(a) [tex]4.8\cdot 10^{-19} C[/tex]
The radius of the trajectory of a charged particle moving perpendicular to a magnetic field is given by
[tex]r=\frac{mv}{qB}[/tex]
where
m is the mass of the particle
q is its charge
v is its velocity
B is the strength of the magnetic field
In this problem, we have:
[tex]m=2.66\cdot 10^{-26} kg[/tex]
[tex]v=5.00\cdot 10^6 m/s[/tex]
B = 1.20 T
r = 0.231 m
Solving for q, we find its charge:
[tex]q=\frac{mv}{rB}=\frac{(2.66\cdot 10^{-26})(5.00\cdot 10^6)}{(0.231)(1.20)}=4.8\cdot 10^{-19} C[/tex]
(b) 3
The charge of an electron is
[tex]e=1.6\cdot 10^{-19}C[/tex]
While the charge of this oxygen ion is
[tex]q=4.8\cdot 10^{-19}C[/tex]
So, the ratio between the two charges is
[tex]\frac{q}{e}=\frac{4.8\cdot 10^{-19}}{1.6\cdot 10^{-19}}=3[/tex]

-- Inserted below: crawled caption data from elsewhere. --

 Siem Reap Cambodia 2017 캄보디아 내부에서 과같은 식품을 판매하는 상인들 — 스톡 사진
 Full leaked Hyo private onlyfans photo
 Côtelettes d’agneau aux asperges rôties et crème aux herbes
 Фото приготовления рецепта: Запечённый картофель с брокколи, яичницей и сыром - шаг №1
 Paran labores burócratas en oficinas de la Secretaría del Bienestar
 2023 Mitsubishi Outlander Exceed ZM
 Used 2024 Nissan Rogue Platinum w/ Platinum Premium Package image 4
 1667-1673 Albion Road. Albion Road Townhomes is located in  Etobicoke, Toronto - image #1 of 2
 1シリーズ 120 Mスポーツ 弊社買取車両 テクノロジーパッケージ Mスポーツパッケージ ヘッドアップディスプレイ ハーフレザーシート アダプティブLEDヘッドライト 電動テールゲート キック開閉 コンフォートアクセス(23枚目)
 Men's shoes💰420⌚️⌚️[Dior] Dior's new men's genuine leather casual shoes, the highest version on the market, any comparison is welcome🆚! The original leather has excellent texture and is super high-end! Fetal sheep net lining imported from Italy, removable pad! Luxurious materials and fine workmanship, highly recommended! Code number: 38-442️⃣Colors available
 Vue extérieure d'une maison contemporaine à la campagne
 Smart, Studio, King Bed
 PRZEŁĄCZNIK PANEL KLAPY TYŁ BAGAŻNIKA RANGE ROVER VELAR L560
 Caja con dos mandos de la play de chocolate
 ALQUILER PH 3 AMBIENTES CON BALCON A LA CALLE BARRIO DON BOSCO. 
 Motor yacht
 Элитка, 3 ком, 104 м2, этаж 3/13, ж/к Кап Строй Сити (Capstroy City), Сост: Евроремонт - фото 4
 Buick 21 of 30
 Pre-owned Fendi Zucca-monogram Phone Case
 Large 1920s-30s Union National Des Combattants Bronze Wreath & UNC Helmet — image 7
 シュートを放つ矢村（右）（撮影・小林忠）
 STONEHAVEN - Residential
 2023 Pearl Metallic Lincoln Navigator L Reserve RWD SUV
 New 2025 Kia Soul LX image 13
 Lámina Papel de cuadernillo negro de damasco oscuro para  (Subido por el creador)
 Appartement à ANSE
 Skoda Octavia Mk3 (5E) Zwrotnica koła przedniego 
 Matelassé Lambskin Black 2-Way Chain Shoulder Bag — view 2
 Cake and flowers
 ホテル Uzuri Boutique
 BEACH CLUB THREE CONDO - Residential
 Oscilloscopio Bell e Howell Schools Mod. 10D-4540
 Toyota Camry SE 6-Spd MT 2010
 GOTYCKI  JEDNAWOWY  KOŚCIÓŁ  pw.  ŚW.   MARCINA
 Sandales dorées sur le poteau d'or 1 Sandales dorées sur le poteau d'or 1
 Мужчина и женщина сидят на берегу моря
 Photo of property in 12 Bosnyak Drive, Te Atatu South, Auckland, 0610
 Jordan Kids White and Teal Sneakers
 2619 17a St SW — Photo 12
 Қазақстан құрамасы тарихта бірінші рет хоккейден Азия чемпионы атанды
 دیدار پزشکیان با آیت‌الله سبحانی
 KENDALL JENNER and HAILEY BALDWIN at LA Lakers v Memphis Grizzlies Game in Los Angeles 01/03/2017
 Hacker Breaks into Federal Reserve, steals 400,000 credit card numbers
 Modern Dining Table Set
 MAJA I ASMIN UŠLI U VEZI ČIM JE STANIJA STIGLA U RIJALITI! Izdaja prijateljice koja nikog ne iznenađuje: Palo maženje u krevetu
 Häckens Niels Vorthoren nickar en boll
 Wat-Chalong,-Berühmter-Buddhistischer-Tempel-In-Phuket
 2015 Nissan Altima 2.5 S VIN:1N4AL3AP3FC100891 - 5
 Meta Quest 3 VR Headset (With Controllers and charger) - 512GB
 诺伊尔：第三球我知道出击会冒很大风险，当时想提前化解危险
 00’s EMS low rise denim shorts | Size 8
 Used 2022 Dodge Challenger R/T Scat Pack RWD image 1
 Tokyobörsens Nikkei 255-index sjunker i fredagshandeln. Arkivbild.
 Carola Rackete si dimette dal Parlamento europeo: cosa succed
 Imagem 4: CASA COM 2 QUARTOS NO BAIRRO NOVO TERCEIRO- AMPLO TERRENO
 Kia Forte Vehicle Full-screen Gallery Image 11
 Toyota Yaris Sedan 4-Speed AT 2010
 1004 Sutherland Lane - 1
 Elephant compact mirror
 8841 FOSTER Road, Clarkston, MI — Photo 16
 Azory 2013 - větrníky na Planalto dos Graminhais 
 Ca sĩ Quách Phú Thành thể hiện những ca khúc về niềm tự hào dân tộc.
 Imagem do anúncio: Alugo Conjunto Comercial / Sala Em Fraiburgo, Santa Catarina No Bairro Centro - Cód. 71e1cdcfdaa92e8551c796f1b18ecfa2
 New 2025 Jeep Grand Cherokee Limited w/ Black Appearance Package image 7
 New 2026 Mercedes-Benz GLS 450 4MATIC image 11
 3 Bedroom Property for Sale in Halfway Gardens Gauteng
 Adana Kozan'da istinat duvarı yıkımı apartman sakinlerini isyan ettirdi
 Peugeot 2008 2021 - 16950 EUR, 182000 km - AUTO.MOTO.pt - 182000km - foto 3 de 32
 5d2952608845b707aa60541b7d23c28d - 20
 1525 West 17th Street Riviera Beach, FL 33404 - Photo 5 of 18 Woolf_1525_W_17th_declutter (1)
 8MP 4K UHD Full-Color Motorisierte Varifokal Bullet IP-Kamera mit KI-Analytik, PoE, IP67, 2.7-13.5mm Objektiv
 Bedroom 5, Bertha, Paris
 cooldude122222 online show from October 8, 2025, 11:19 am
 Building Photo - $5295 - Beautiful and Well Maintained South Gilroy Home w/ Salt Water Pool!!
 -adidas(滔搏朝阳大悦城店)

(c) Because an ion is an atom that has gained/lost an integer number of electrons
An ion is an atom that has gained/lost an integer number of electrons. In this particular case, we see that the charge of the oxygen ion is 3 times that of the electron: this means that the ion has gained/lost exactly 3 electrons.
The ratio found in part (b) cannot be a fraction, because that would mean that the atom has gained/lost a fractional number of electrons: but this is impossible, since the electron is a fundamental particle so it cannot be "divided", therefore the ratio must be an integer.